Vanquis Bank Limited, a Bradford-based bank, was fined £75,000, and given a legal notice ordering it to comply with the law. The bank sent 870,849 spam text messages and 620,000 spam emails to promote its credit cards without the consent of the customers, the ICO charges.
In a separate case, the London-based ad and web development agency Xerpla was fined £50,000. The firm sent nearly 1.26 million spam emails on behalf of other firms, for products such as dog food, wine, competitions and boilers, according to the ICO.
The fines seem modest compared to the liabilities specified for violations of the General Data Protection Regulation (GDPR), which takes effect next May and will apply in the UK despite the UK’s decision to leave the EU. But there are other consequences.
Shares in Vanquis Bank’s parent, Provident Financial, fell by 8% following the announcement, according to City A.M.
Provident Personal Credit Limited, a related firm, was fined for spam texts earlier this year, the ICO continues.
Both of the new spam cases were generated by reports from consumers.
“People were so exasperated by these messages that they complained to us,” states Steve Eckersley, head of enforcement for the ICO. “That sparked two ICO investigations and enabled us to take action and hold the firms behind this nuisance to account.”
For these campaigns, Vanquis Bank obtained marketing lists from other organizations, and relied on “indirect consent,” instead of verifying permission itself, the ICO contends.
The bank used non-specific wording such as “trusted parties,” and “carefully selected third parties,” the ICO continues.
Vanquis Bank is no longer working with the third parties, according to Provident Financial.
In general, European privacy regulations are tougher than those in the U.S. However, American companies may draw insights from these cases on how to describe permission-based lists and sharing of data with third parties.
“People need to be properly informed about what they are consenting to,” Eckersley says. “Telling them their details could be passed to ‘similar organisations’ or ‘selected third parties’ cannot be relied upon as specific consent.”
Eckersley continues that the rules protect people “from the irritation, and in some cases anxiety and distress spam texts and emails cause.”
According to City A.M., Provident Financial issued this statement:
“The contravention involved sending SMS text messages and emails to customers advertising the company’s product between April 2015 and September 2016 without the necessary permission to do so.
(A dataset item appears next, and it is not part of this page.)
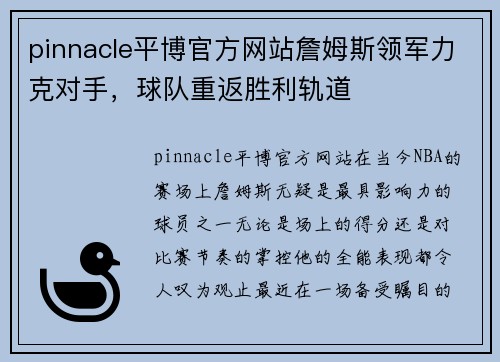 pinnacle平博官方网站詹姆斯领军力克对手，球队重返胜利轨道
Vanquis Bank is sorry for any irritation this has caused to the individuals concerned.”
The statement continues: “Although ICO found that Vanquis Bank did not deliberately contravene the regulation, Vanquis Bank takes this contravention extremely seriously. The Bank has reviewed its marketing processes and put in place steps to ensure that contraventions of this nature do not occur again, including no longer working with the third parties concerned.”